I have, and will, discuss knife defense in the future. Being attacked with a knife attack is, in my opinion, the most dangerous and the most likely form of violence that the average law abiding person will face.
Some people may be tempted to arm themselves with knives in order to defend themselves. There are several issues to consider. There are four topics that need to be considered.
#1. It is illegal in many countries, states and provinces.
#2. The very fact that someone arms themselves can cause a false sense of security. The person may be tempted to engage in a behaviour that they would not normally partake in.
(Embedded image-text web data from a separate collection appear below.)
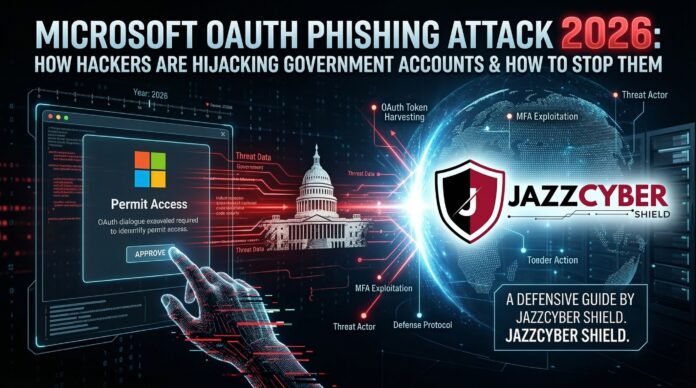 Microsoft OAuth phishing attack 2026 — hacker hijacking government accounts using OAuth token harvesting and MFA exploitation, defensive guide by Jazz Cyber Shield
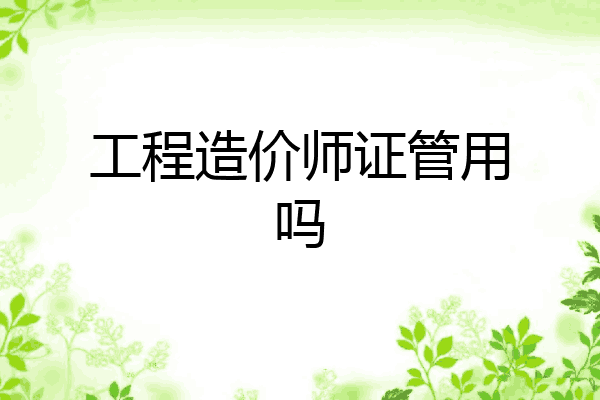工程造价师证管用吗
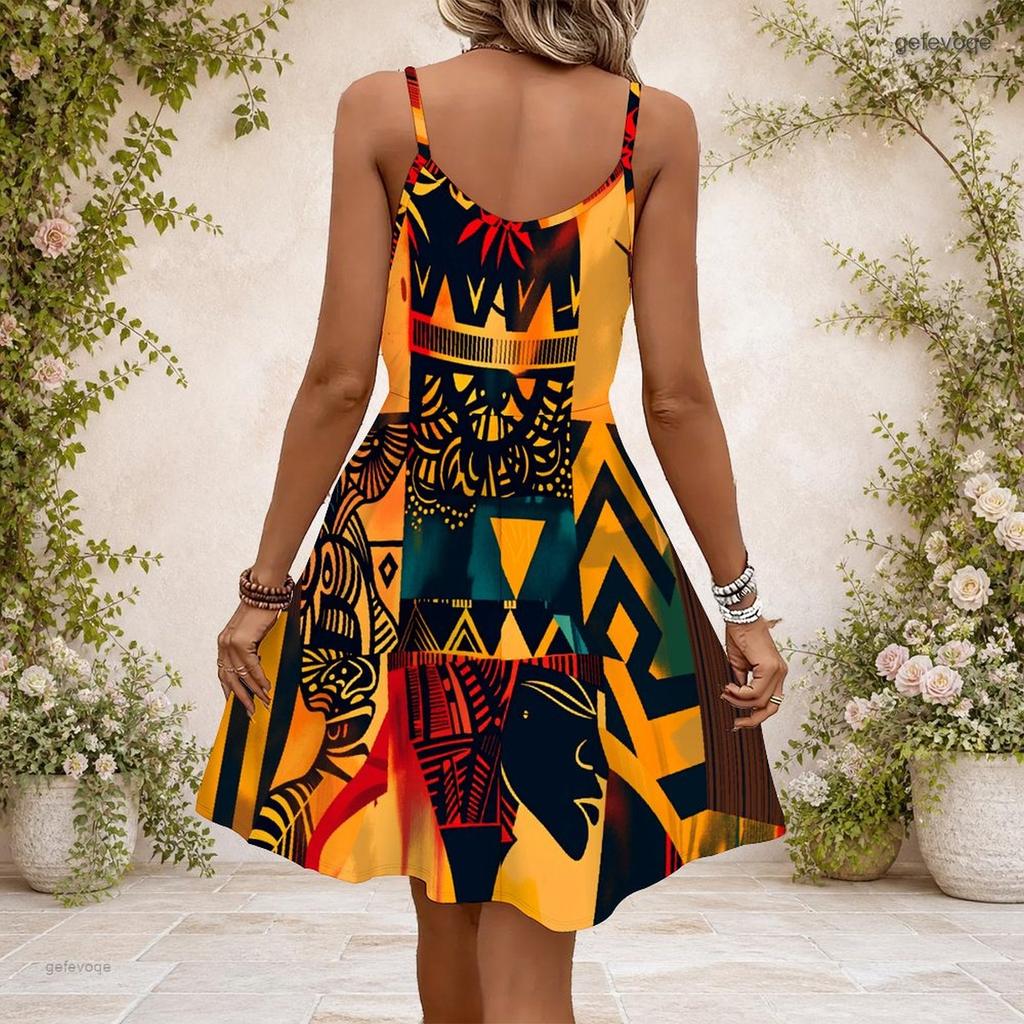Women Plus Size Black V Neck Sleeveless Spaghetti Strap Gathered Waist Flared Printed Dress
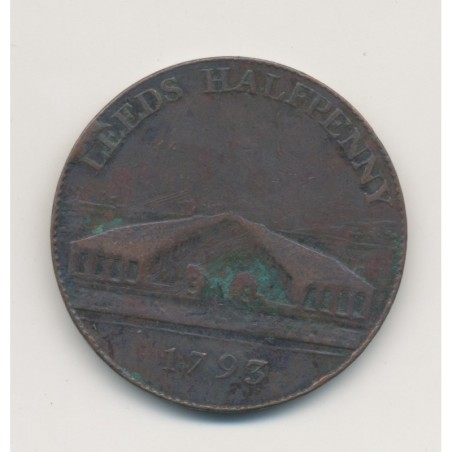 Angleterre - 1/2 Penny Brownbill's leeds 1793 - cuivre - TB+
They might get into a situation that they would normally walk away from due to false confidence in their weapon or blade.
#3. Unless a person is trained in the use and the retention of a weapon, the very real risk of the weapon being taken from them by their attacker and then being used on them exists.
#4. Finally, a point that is often overlooked. Knives are a poor choice for self defense. For self defense.
I'm the first to stress how deadly dangerous knives are. An attack can be fatal with a small slash or a shallow puncture. Having said that, these results most often occur some time after the attack.
Most people who are attacked with a knife do not realize that they have been stabbed or cut until after the event. Most often, they think they have been punched or slapped until they see either the blade or the blood. The initial ability to fight back is normally still intact. There are exceptions, of course, but more often than not, the effects or the attack do not incapacitate the victim until some time later.
This is the reason for stressing the point that knives are a poor choice for self defense. The use of a knife to try to overpower or stop an attacker from attacking is unrealistic. Chances are, a motivated attacker will complete their assault on you before the results of your knife attack/defense are realized. If your goal is to protect yourself and get away safely from a violent assault, knives are not your best option.